Dataset content
────────────────────────────────────────
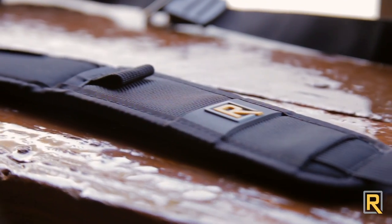As with all BlackRapid straps, the Curve comes equipped with our standard hardware. This has been The Curve. If you'd like to purchase a Curve on BlackRapid.com, feel free to use the promo code at the end of this video for free shipping in the US. Thank you.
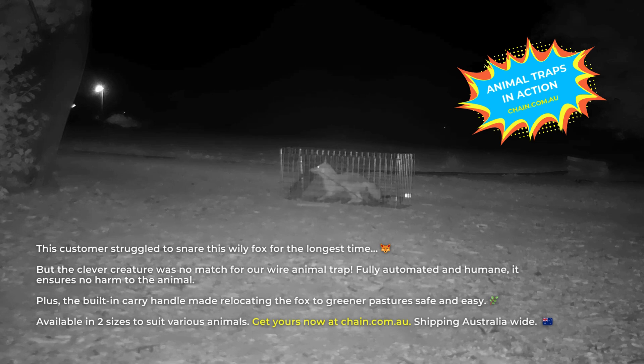Available in two sizes to suit various animals. Get yours now at chain.com.au. Shipping Australia-wide.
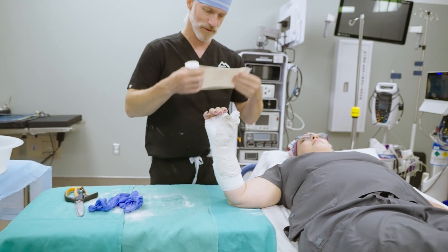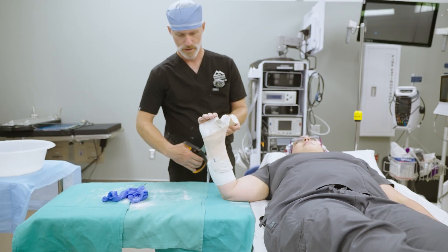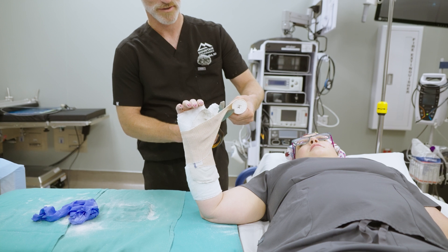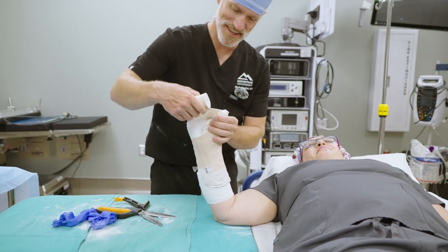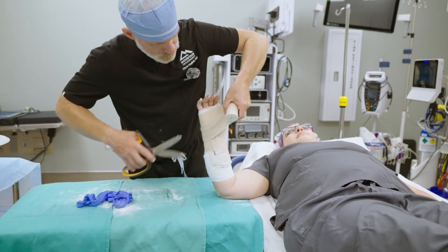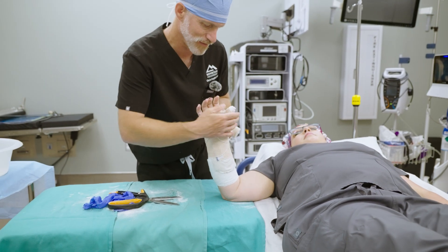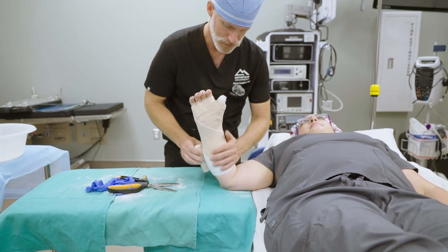The way I wrap this up with the ace wrap: I take a four-inch ace wrap, go around, and then at the thumb I'm going to cut a slot. Then I'll come through here, and as I come back this way, I'm going to cut a long slot that will accommodate the thumb. There we have the ace wrap covering that all the way, tidying the whole thing up. We'll wrap up the rest of it.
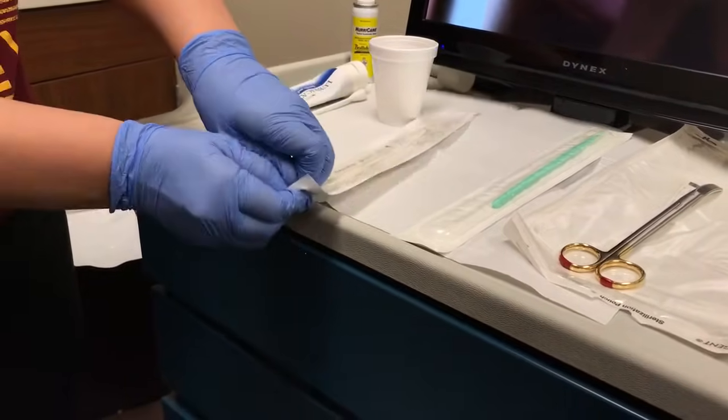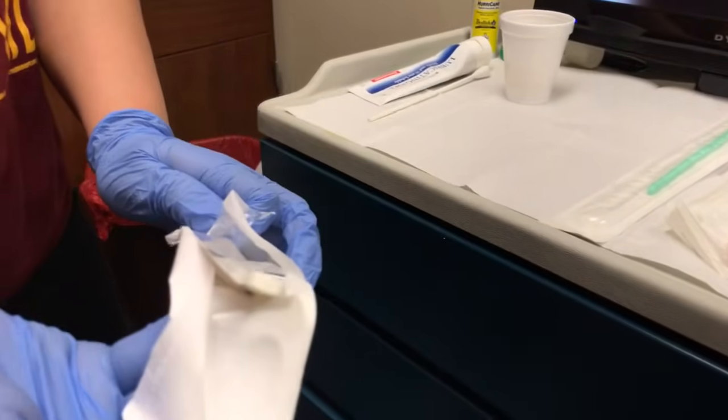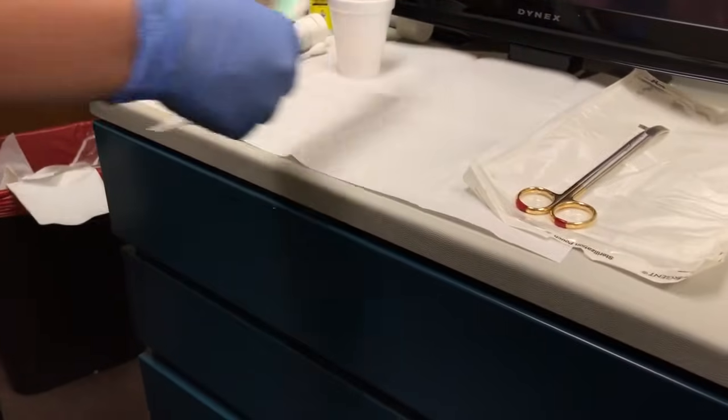After the provider puts on their sterile gloves, the medical assistant will then open up the fundus sound and also the cervical dilator.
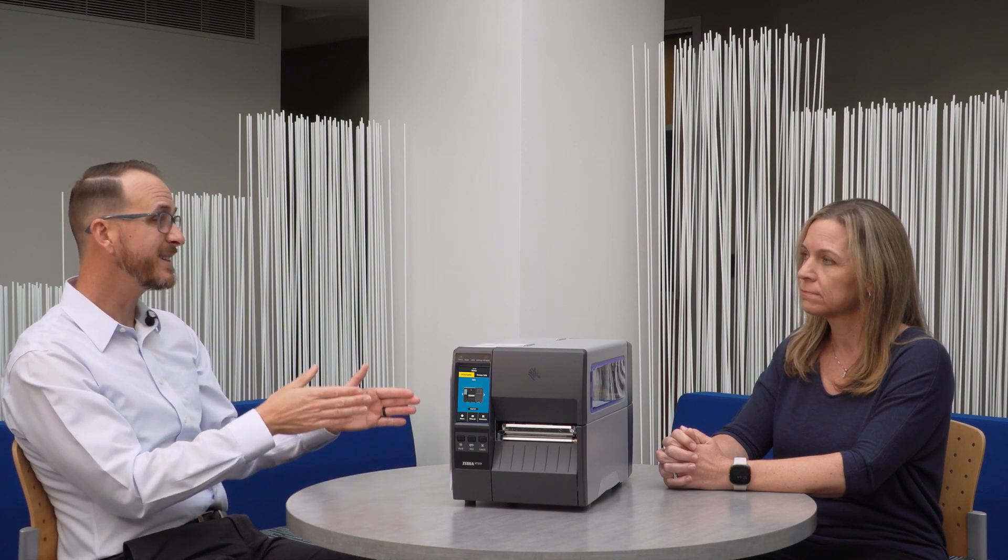They're going to be used for a much higher duty cycle application like 24-7 manufacturing. Most customers won't need that type of capability, so the ZT231 is an excellent middle ground between the desktop class and the industrial printer mid-range class.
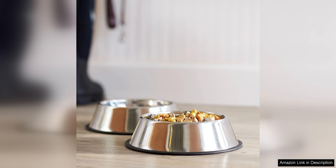Plus, you can't beat the affordable price for a set of two high-quality stainless steel bowls. My dogs love them, and I'm sure yours will too.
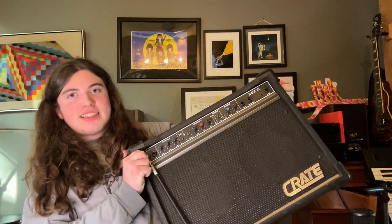In this video, I'm going to show you an amplifier that I found on the side of the road a couple of days ago. It is a Crate G40CXL. I'm going to show you how to clean the potentiometers and do a demo at the end. I hope you enjoy.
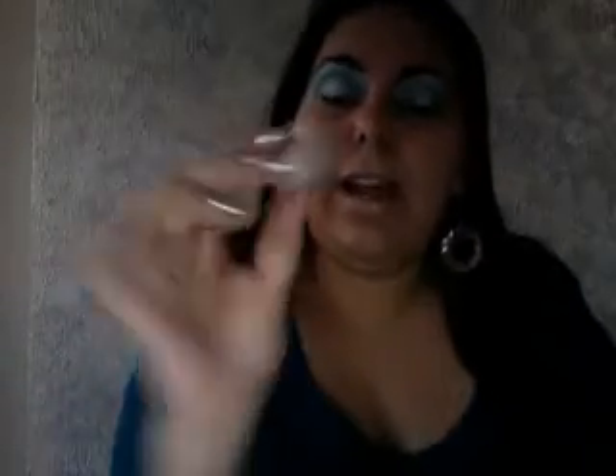I definitely recommend making your own primer — look how much product you can get. It's a cheap way to do your own primer and save a couple bucks, and you already have these products at home. Who doesn't have liquid foundation and body butter? You just need a little jar, close it up, and your primer potion is ready to go. Thanks for watching — please rate, comment, and subscribe!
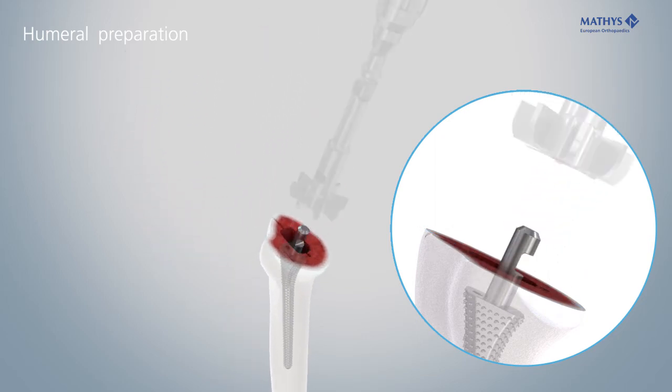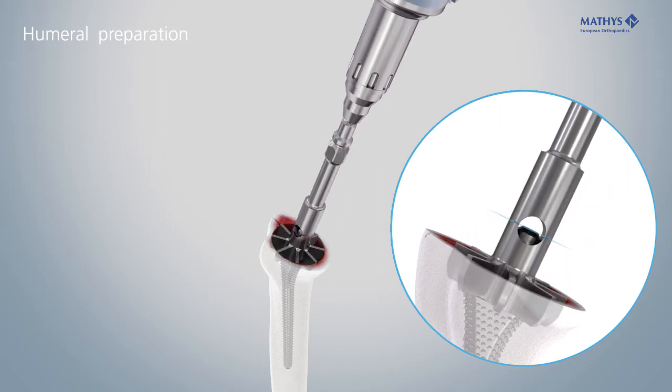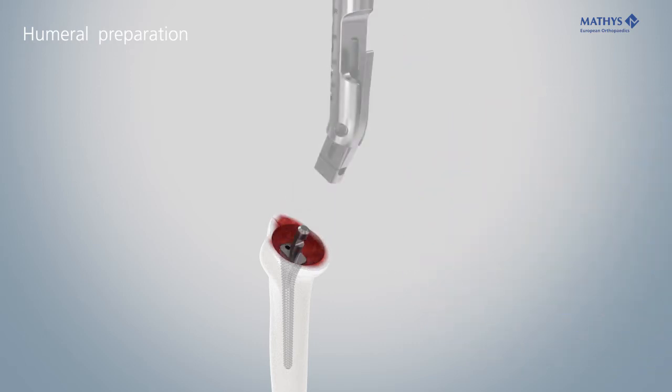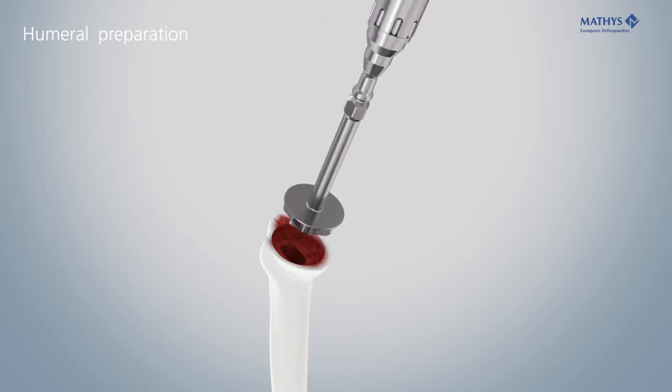With humeral reamer 1, the proximal part of the stem is reamed via the inserted rasp. To complete the humeral preparation, remove the rasp and finish the reaming of the metaphyseal cavity with humeral reamer 2.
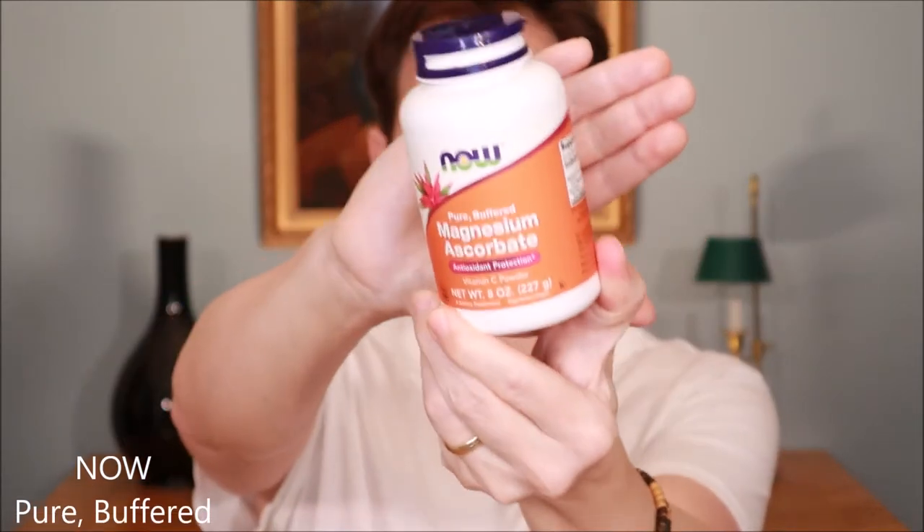One thing you can do is just take vitamin C, add a little bit of water, and then put it on your face — but that is a little bit difficult. The vitamin C I use is called magnesium ascorbate, which is a less acidic version of vitamin C.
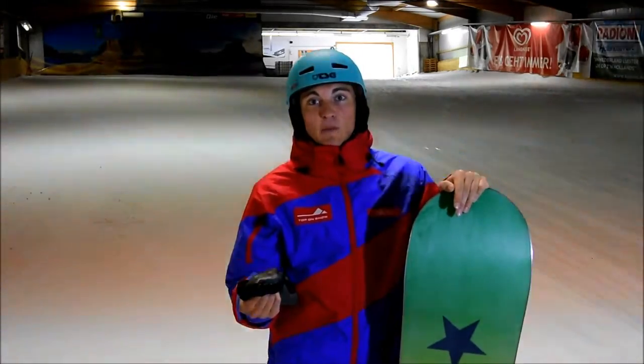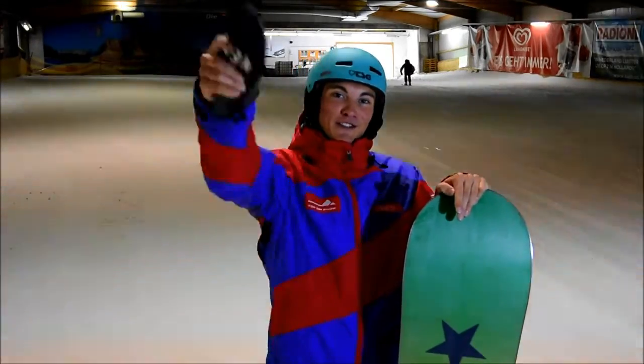Für Fragen oder sonstige Anmerkungen schreibt uns an skischule.alpincenter.com und bis auf Weiteres sehen wir uns beim nächsten Video. Bis dahin, Cheerio!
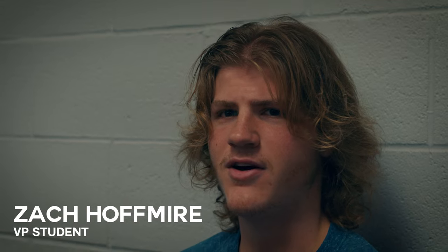Zach's interview. Can you state your name? Zach Hoffmeier.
────────────────────────────────────────
Aim of the exercise
Would you return the records exactly as written, minus any image?

Exercise answer
As with all BlackRapid straps, the Curve comes equipped with our standard hardware. This has been The Curve. If you'd like to purchase a Curve on BlackRapid.com, feel free to use the promo code at the end of this video for free shipping in the US. Thank you.
Available in two sizes to suit various animals. Get yours now at chain.com.au. Shipping Australia-wide.
The way I wrap this up with the ace wrap: I take a four-inch ace wrap, go around, and then at the thumb I'm going to cut a slot. Then I'll come through here, and as I come back this way, I'm going to cut a long slot that will accommodate the thumb. There we have the ace wrap covering that all the way, tidying the whole thing up. We'll wrap up the rest of it.
After the provider puts on their sterile gloves, the medical assistant will then open up the fundus sound and also the cervical dilator.
They're going to be used for a much higher duty cycle application like 24-7 manufacturing. Most customers won't need that type of capability, so the ZT231 is an excellent middle ground between the desktop class and the industrial printer mid-range class.
Plus, you can't beat the affordable price for a set of two high-quality stainless steel bowls. My dogs love them, and I'm sure yours will too.
In this video, I'm going to show you an amplifier that I found on the side of the road a couple of days ago. It is a Crate G40CXL. I'm going to show you how to clean the potentiometers and do a demo at the end. I hope you enjoy.
I definitely recommend making your own primer — look how much product you can get. It's a cheap way to do your own primer and save a couple bucks, and you already have these products at home. Who doesn't have liquid foundation and body butter? You just need a little jar, close it up, and your primer potion is ready to go. Thanks for watching — please rate, comment, and subscribe!
With humeral reamer 1, the proximal part of the stem is reamed via the inserted rasp. To complete the humeral preparation, remove the rasp and finish the reaming of the metaphyseal cavity with humeral reamer 2.
One thing you can do is just take vitamin C, add a little bit of water, and then put it on your face — but that is a little bit difficult. The vitamin C I use is called magnesium ascorbate, which is a less acidic version of vitamin C.
Für Fragen oder sonstige Anmerkungen schreibt uns an skischule.alpincenter.com und bis auf Weiteres sehen wir uns beim nächsten Video. Bis dahin, Cheerio!
Zach's interview. Can you state your name? Zach Hoffmeier.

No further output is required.